## Problem details
Give again exactly the lines that stretch from the one with "Branch, MI 49402" to the end of the data below, including both of those lines and nothing else.

## Scraped caption text data
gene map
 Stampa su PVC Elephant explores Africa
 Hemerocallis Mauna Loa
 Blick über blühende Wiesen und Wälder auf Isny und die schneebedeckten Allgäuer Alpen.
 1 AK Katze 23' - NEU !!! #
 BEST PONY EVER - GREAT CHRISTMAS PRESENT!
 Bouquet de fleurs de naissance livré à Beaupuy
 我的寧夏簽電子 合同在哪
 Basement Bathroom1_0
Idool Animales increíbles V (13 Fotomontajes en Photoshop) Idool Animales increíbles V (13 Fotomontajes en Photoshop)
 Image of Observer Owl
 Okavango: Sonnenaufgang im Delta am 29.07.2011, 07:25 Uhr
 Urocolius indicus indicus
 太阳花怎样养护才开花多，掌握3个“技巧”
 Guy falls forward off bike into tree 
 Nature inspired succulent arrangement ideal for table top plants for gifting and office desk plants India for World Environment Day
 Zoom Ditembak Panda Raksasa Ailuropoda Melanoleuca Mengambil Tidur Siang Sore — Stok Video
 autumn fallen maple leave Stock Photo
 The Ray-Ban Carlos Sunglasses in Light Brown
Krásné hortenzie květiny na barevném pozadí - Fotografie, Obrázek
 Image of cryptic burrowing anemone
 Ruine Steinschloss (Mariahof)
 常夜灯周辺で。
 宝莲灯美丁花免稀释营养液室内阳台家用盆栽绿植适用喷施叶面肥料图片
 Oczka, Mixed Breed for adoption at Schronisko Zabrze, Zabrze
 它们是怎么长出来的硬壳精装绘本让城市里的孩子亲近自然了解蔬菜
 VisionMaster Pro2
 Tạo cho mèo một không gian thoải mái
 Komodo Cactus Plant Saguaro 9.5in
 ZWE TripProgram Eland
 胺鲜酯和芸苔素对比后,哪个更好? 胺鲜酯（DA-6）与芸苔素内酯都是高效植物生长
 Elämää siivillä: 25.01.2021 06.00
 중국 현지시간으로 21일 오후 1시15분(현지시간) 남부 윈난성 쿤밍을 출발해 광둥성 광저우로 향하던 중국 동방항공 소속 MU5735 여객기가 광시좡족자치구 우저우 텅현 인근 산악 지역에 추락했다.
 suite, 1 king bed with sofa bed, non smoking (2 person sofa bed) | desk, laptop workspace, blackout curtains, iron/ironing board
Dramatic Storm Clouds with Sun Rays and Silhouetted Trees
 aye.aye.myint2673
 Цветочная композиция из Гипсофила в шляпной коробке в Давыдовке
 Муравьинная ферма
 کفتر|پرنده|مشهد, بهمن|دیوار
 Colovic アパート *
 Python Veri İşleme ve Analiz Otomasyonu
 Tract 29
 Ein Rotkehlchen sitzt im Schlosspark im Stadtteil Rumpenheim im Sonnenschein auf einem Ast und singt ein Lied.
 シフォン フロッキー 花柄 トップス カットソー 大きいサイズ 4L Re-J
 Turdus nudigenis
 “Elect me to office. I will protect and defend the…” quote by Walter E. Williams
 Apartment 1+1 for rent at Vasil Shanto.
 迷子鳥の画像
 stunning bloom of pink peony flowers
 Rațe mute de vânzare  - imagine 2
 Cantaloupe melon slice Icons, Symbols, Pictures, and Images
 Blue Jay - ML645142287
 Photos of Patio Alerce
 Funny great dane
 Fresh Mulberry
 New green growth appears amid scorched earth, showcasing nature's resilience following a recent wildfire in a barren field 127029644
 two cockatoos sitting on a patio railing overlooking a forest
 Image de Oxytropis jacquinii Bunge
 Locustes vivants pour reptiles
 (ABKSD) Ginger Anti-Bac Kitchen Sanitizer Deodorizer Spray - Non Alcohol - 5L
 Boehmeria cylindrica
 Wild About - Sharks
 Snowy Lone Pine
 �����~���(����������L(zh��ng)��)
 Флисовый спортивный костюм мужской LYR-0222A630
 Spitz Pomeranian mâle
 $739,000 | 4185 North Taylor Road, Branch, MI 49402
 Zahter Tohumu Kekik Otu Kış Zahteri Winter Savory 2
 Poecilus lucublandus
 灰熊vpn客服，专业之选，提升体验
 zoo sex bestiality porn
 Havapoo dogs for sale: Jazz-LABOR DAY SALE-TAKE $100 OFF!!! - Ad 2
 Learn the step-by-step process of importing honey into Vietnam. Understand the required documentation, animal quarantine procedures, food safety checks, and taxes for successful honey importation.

## Result of the exercise
 $739,000 | 4185 North Taylor Road, Branch, MI 49402
 Zahter Tohumu Kekik Otu Kış Zahteri Winter Savory 2
 Poecilus lucublandus
 灰熊vpn客服，专业之选，提升体验
 zoo sex bestiality porn
 Havapoo dogs for sale: Jazz-LABOR DAY SALE-TAKE $100 OFF!!! - Ad 2
 Learn the step-by-step process of importing honey into Vietnam. Understand the required documentation, animal quarantine procedures, food safety checks, and taxes for successful honey importation.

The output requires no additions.